- _Exercise_
Pictures stay out of the copy, and everything else in the data below is repeated exactly.

- _Dataset excerpts_
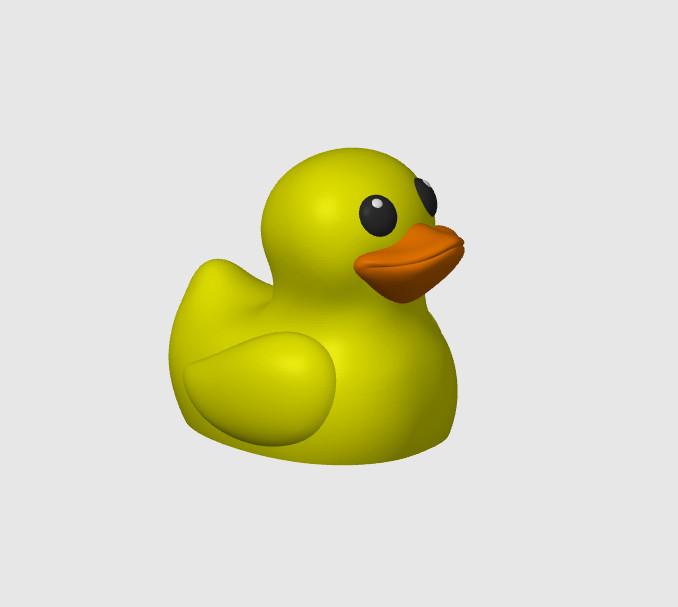 Duck Mini 3d model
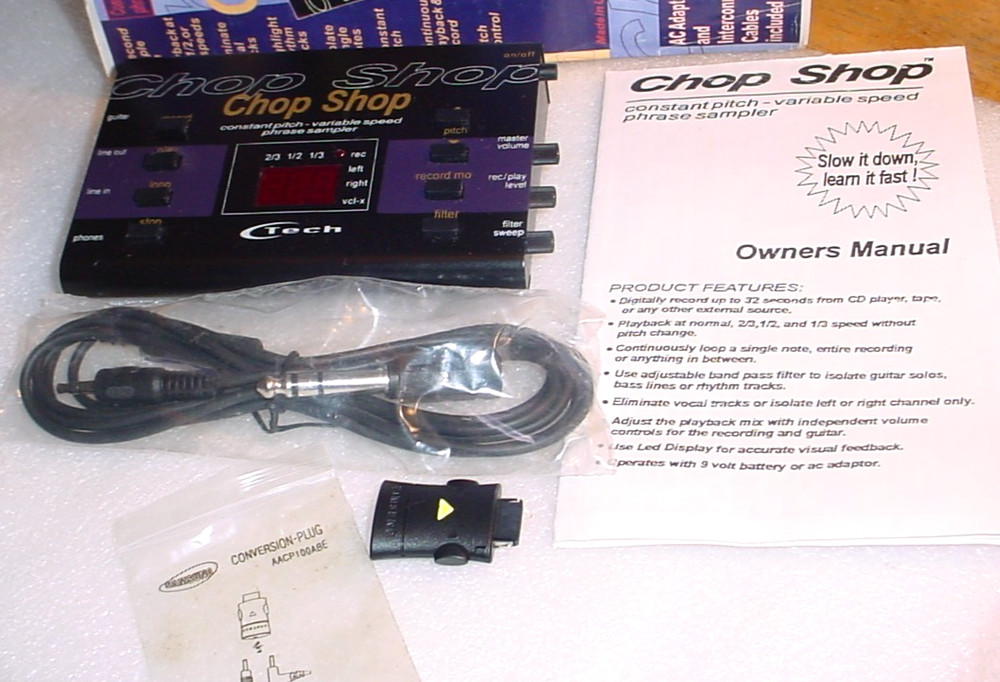 C Tech CHOP SHOP Constant Pitch Variable Speed Phrase SAMPLER W/ BOX & PAPERS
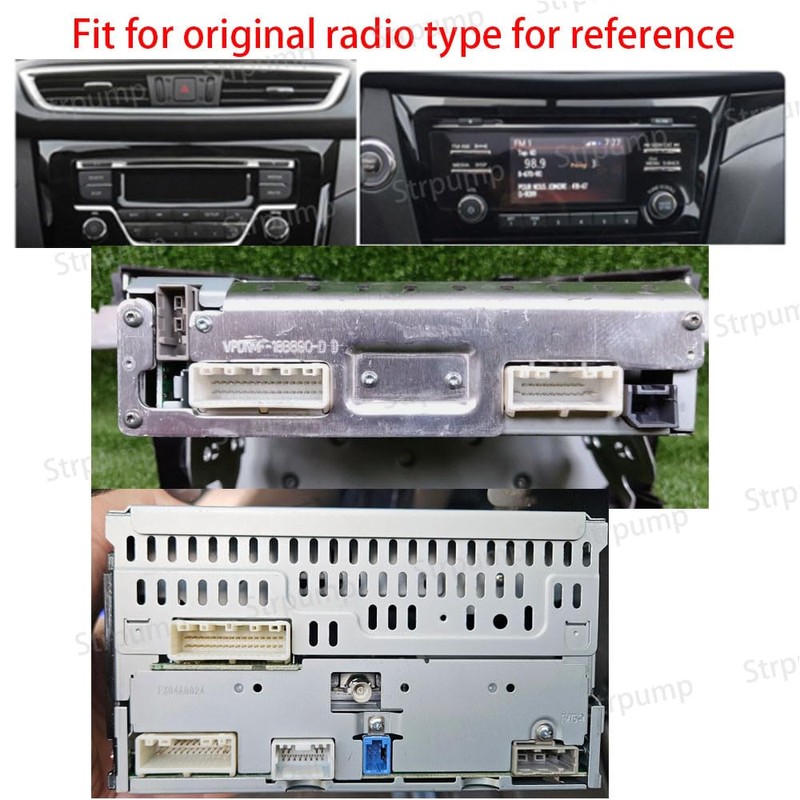 Strpump 16pins Car Radio Power Harness Cable Wire Compatible for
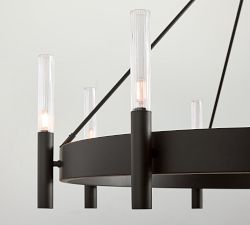 Somerset Metal Round Chandelier (44")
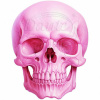 Nažehlovačka Lebka ružová - 4,5 x 6 cm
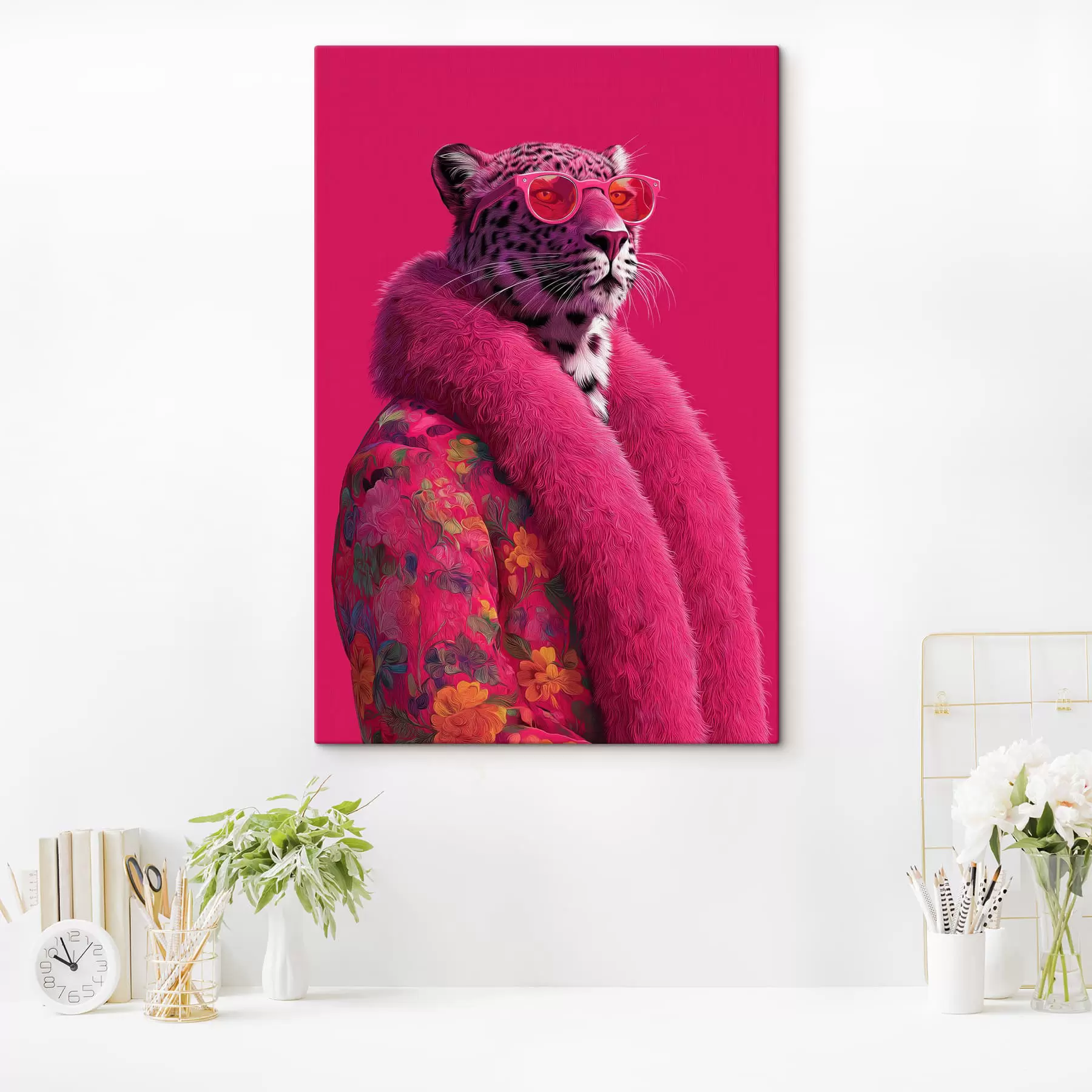 Glezna Leopards krāšņā kažokā s47734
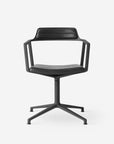 VIPP452 Swivel chair w/ gliders, Black Aluminium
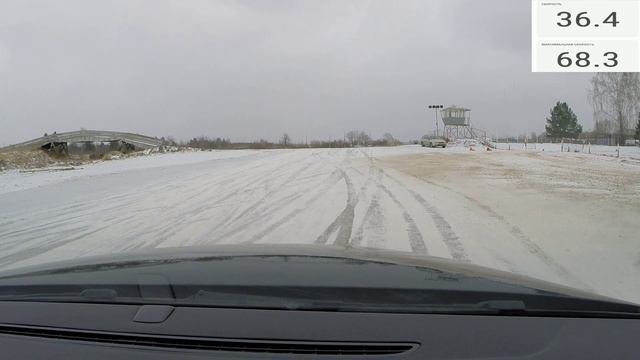 SMC Race wintercup, автодром Калининец, onboard VW Tiguan.
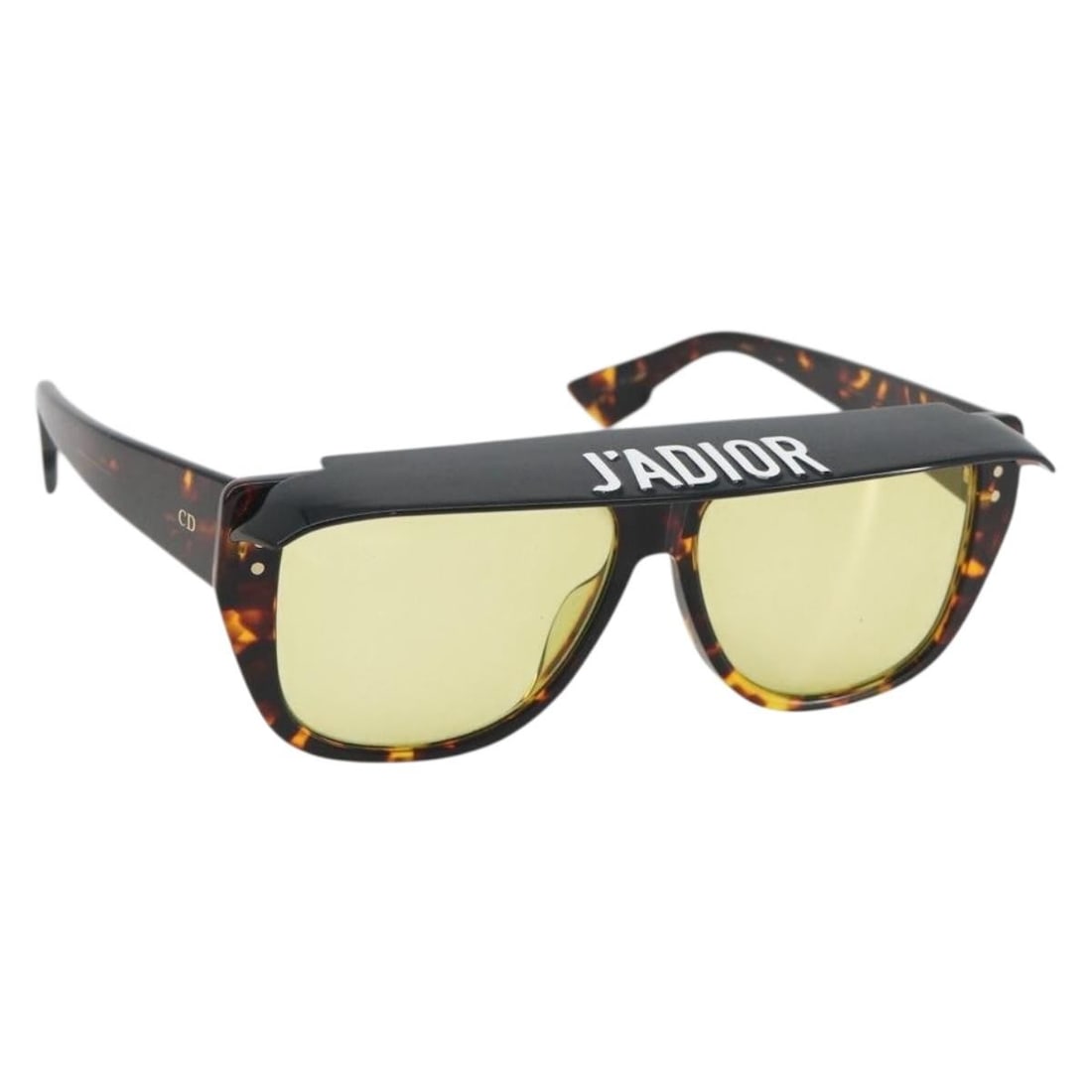 Christian Dior tortoise plastic sunglasses brown gold with case (1 of 16)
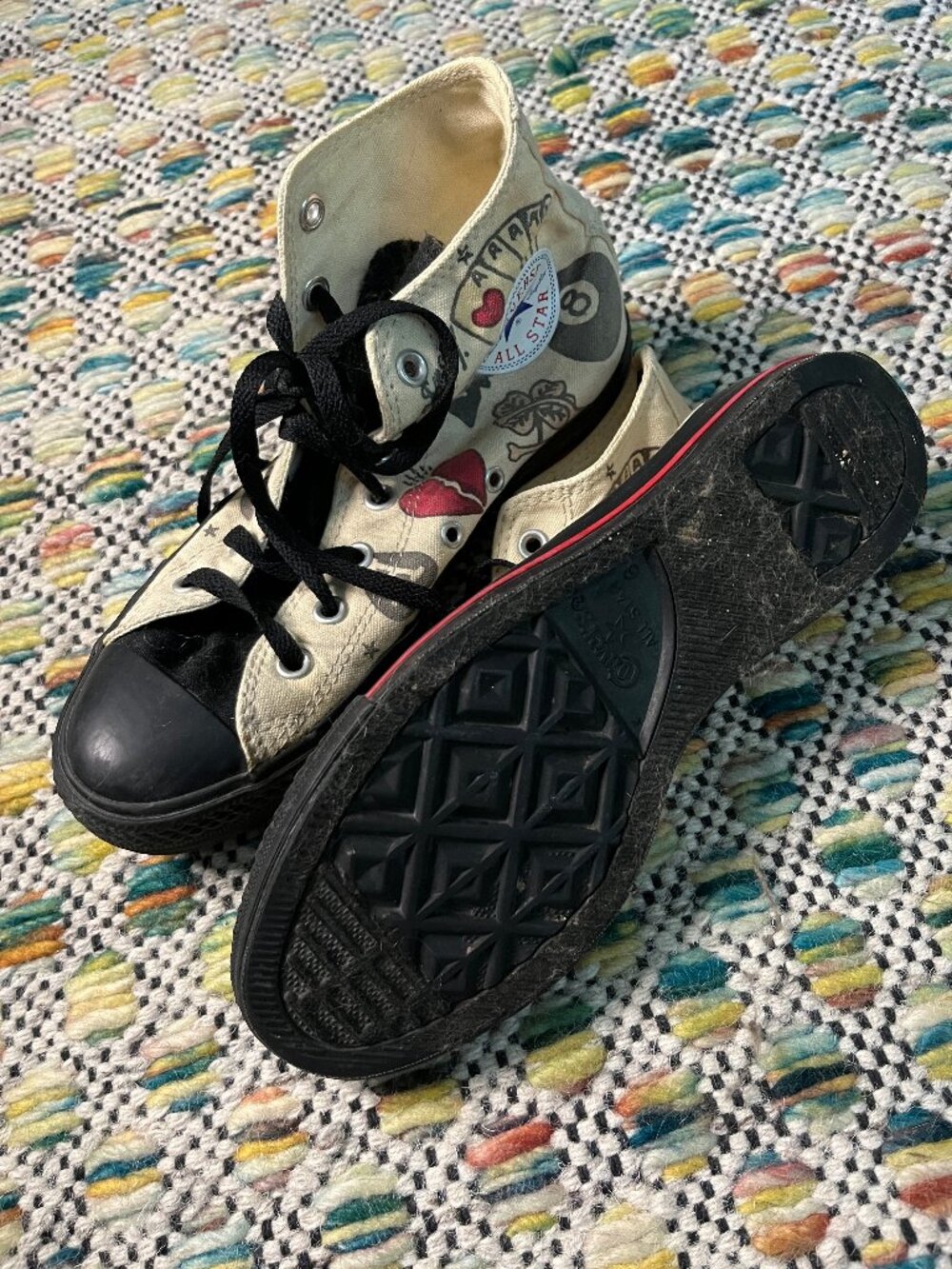 Converse Chuck Taylor All Star Sailor Jerry Print High Top Sneakers - Picture 2 of 3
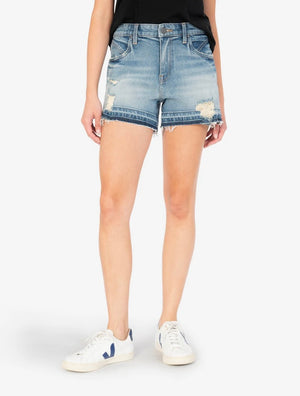 KUT From the Kloth - Jane - High Rise Short with Released Hem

- _Exercise result_
 Duck Mini 3d model
 C Tech CHOP SHOP Constant Pitch Variable Speed Phrase SAMPLER W/ BOX & PAPERS
 Strpump 16pins Car Radio Power Harness Cable Wire Compatible for
 Somerset Metal Round Chandelier (44")
 Nažehlovačka Lebka ružová - 4,5 x 6 cm
 Glezna Leopards krāšņā kažokā s47734
 VIPP452 Swivel chair w/ gliders, Black Aluminium
 SMC Race wintercup, автодром Калининец, onboard VW Tiguan.
 Christian Dior tortoise plastic sunglasses brown gold with case (1 of 16)
 Converse Chuck Taylor All Star Sailor Jerry Print High Top Sneakers - Picture 2 of 3
 KUT From the Kloth - Jane - High Rise Short with Released Hem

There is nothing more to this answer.